> **Records to use**:

━━━━━━━━━━━━━━━━━━━━━━━━━━━━━━

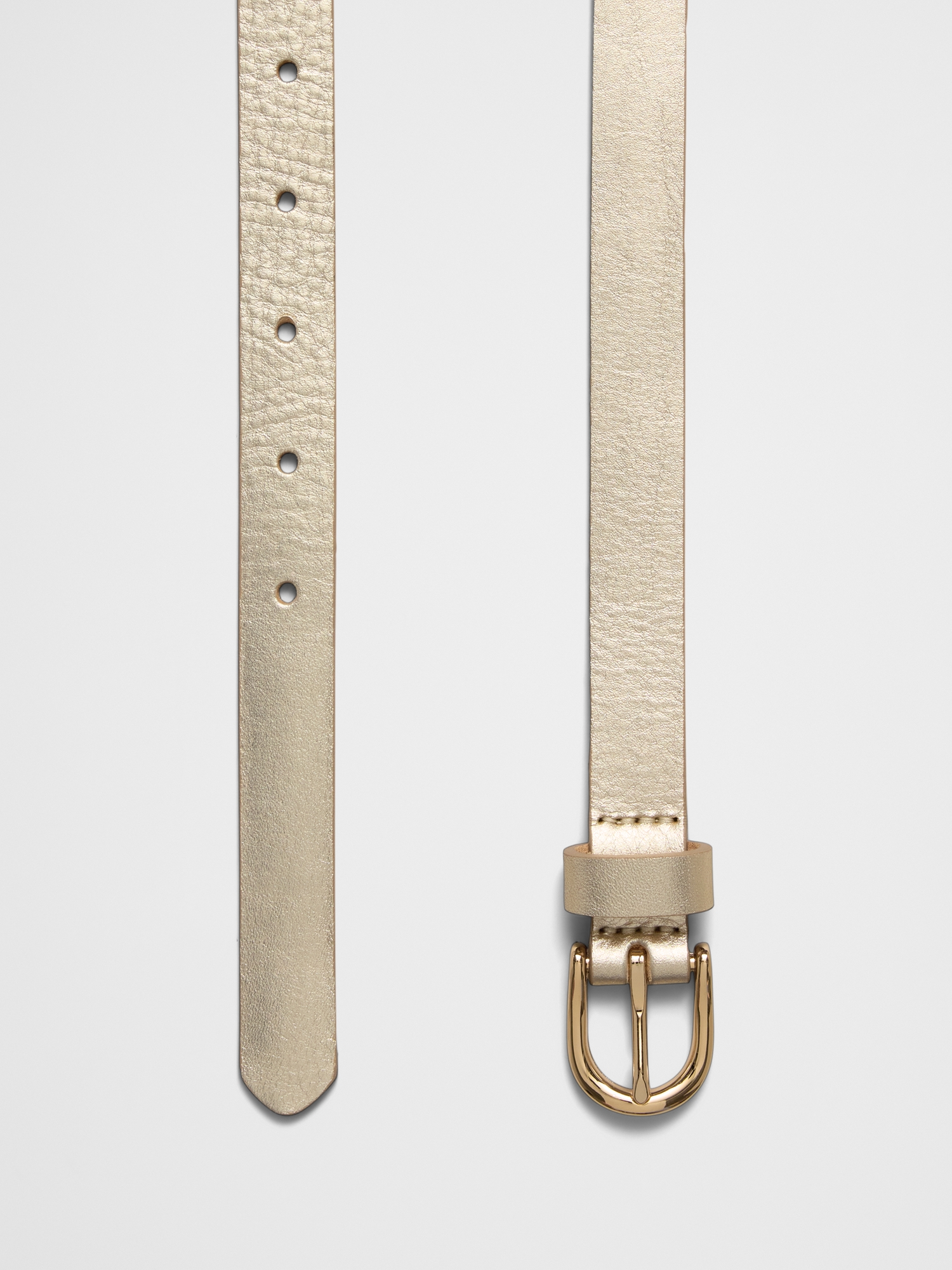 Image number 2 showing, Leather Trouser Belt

━━━━━━━━━━━━━━━━━━━━━━━━━━━━━━

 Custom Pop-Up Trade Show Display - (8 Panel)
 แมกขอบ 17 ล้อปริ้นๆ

━━━━━━━━━━━━━━━━━━━━━━━━━━━━━━

The answer is the lines above between the line holding "Custom Pop-Up Trade Show Display - (8 Panel)" and the line holding "แมกขอบ 17 ล้อปริ้นๆ", inclusive, each written out exactly, and no others.

 Custom Pop-Up Trade Show Display - (8 Panel)
 แมกขอบ 17 ล้อปริ้นๆ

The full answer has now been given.